Nicht allzu überraschend hat Russland die Übergabe des Terrirtoriums um Saporischschja abgelehnt. Der russische Verteidigungsminister Sergei Schoigu sprach gestern Montag mit Uno-Generalsekretär Antonio Guterres am Telefon aber weiter über die Bedingungen für einen sicheren Betrieb des AKW – wohl unter russischer Hoheit.

Die Ukraine besteht darauf, dass die IAEA-Delegation via Kiev in die Region Saporischschja reist, Russland lehnt das als „viel zu gefährlich“ ab. Es seien noch viele Fragen zu klären, lässt Moskau verlauten und eine Besuch der IAEA sei wohl nicht vor Ende August möglich.

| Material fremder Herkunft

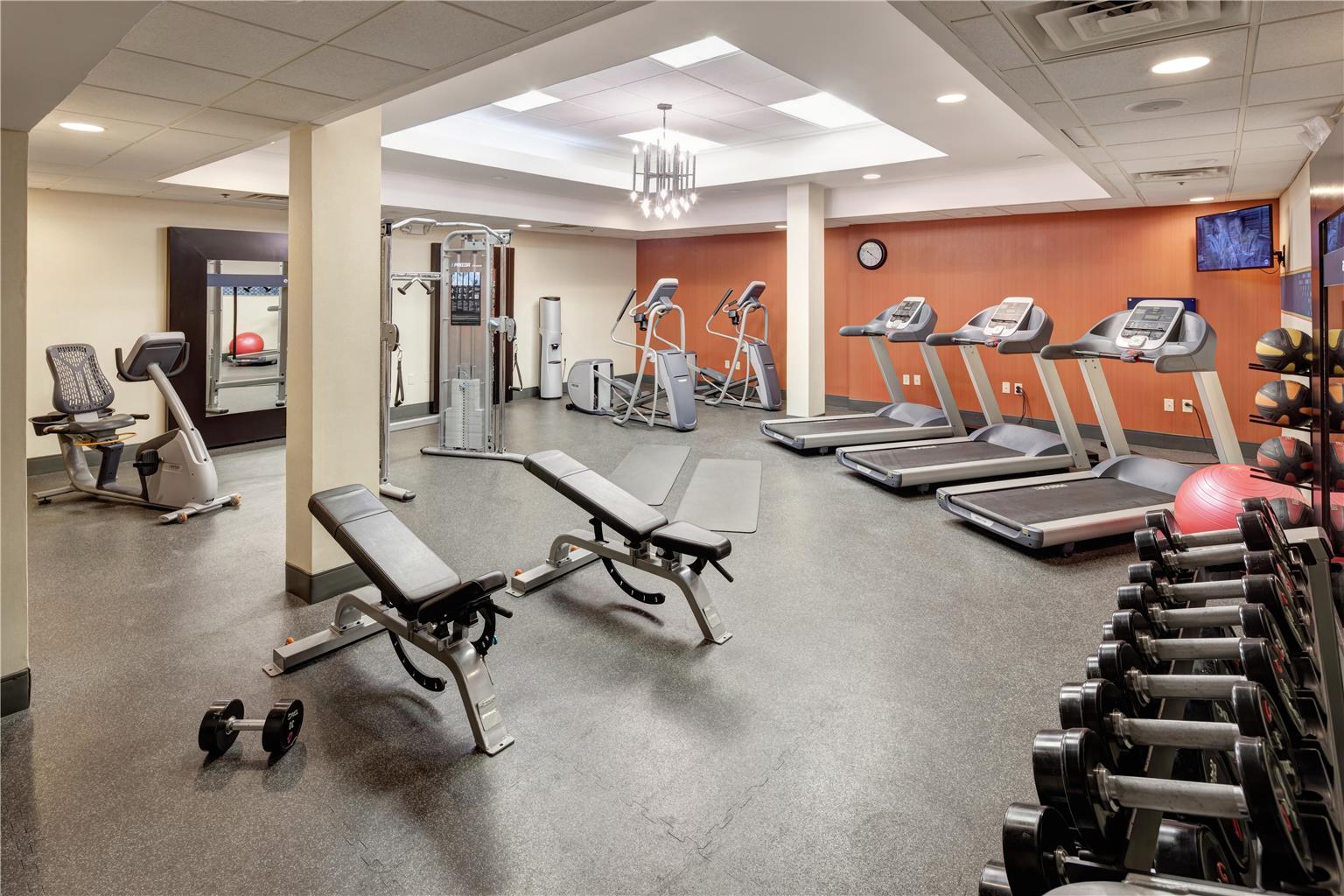 Health club fitness center gym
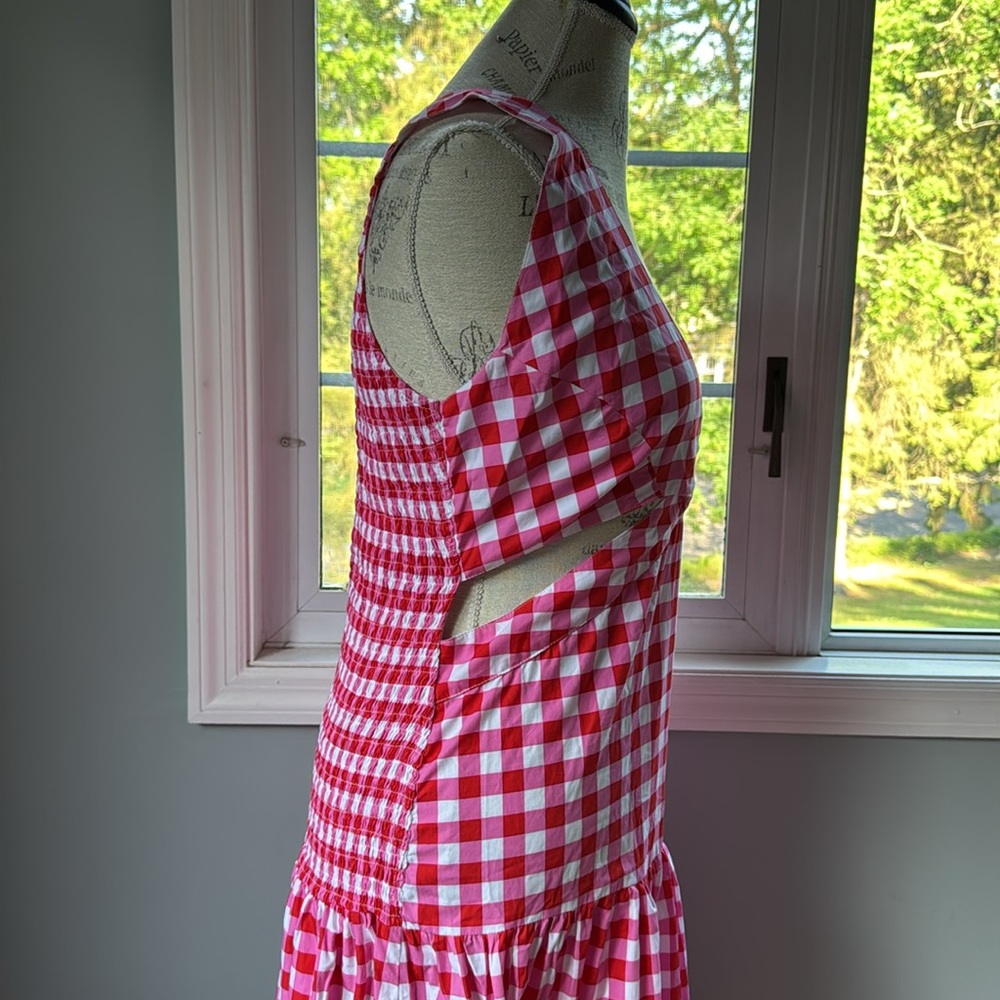 SALE! S/W/F Gingham Maxi Dress Anthropologie $408 - Picture 8 of 14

Es scheint, die Kriegsparteien sind gar nicht so unglücklich, wenn die Thematik weiter in den Schlagzeilen bleibt und die internationale Politik beschäftigt. So kann unsere Angst vor einer möglichen Atomkatastrophe weiter propagandistisch bewirtschaftet werden:

«Die radioaktive Bedrohung für Europa ist so erhöht, wie es sie nicht einmal in den Zeiten des Kalten Krieges gab», hat der ukrainische Präsident Selenski gestern Abend betont.